E-Waste Disposal Bans ‘Not Working’
State’s efforts to ban electronic waste disposal in municipal landfills has been mostly ineffective, although California’s Cell Phone Recycling Act has had a positive impact on cell phone recycling, says a study by a University of California, Irvine professor.
UCI professor Jean-Daniel M. Saphores presented his analysis at the national meeting of the American Chemical Society. He says recycling rates for e-waste are abysmally low and certain demographic groups like women and seniors are unaware of their options. Providing more information to these groups could drastically improve recycling efforts, he says.
Saphores’ research found disparate efforts by individual cities and states is not effective. He suggests that stakeholders and government agencies need to rethink their approach to e-waste disposal and adopt policies that focus on the entire lifecycle of products, thus reducing the negative impact on public health and the environment.
The study cites estimates of 84 million obsolete TV sets and more than 200 million broken or old cell phones gathering dust in people’s homes, along with other electronics like older computers and monitors. All of these old electronics contain a smorgasbord of harmful chemicals and metals that are hazardous to health and the environment, such as lead in the older TV’s glass screens, as well as arsenic, copper and mercury in old circuit boards and cobalt, zinc and copper in the rechargeable batteries.
The Electronic Waste Recycling Act of 2003 imposed requirements on retailers and manufacturers for equipment containing cathode ray tubes and liquid crystal displays. But while the cell phone recycling efforts in California have netted good results, Saphores found that other bans have not had the same effect.
Saphores suggests a deposit-based refund system, similar to what retailers charge consumers when they buy beverages.

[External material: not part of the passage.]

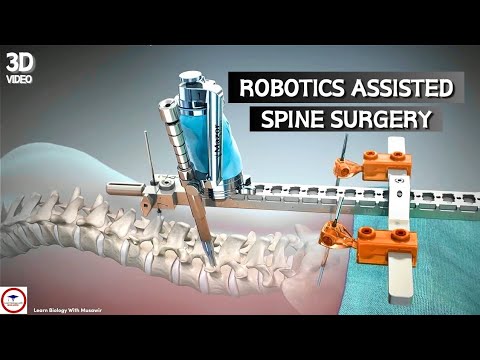 Robot Assisted Spine Surgery Animation Youtube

E-waste recycling outreach efforts are beginning to target specific demographics. FundingFactory, a recycling fundraiser program of Clover Technologies Group, last month launched Collected, a free e-waste recycling program for college campuses that lets schools exchange e-waste for cash or rewards.
Easier consumer access to scrap electronics collection sites, spurred by manufacturer funding, has contributed to an increase in e-waste recycling and a decrease in government spending in New York State, according to a report published in July by the Product Stewardship Institute for the Natural Resources Defense Council.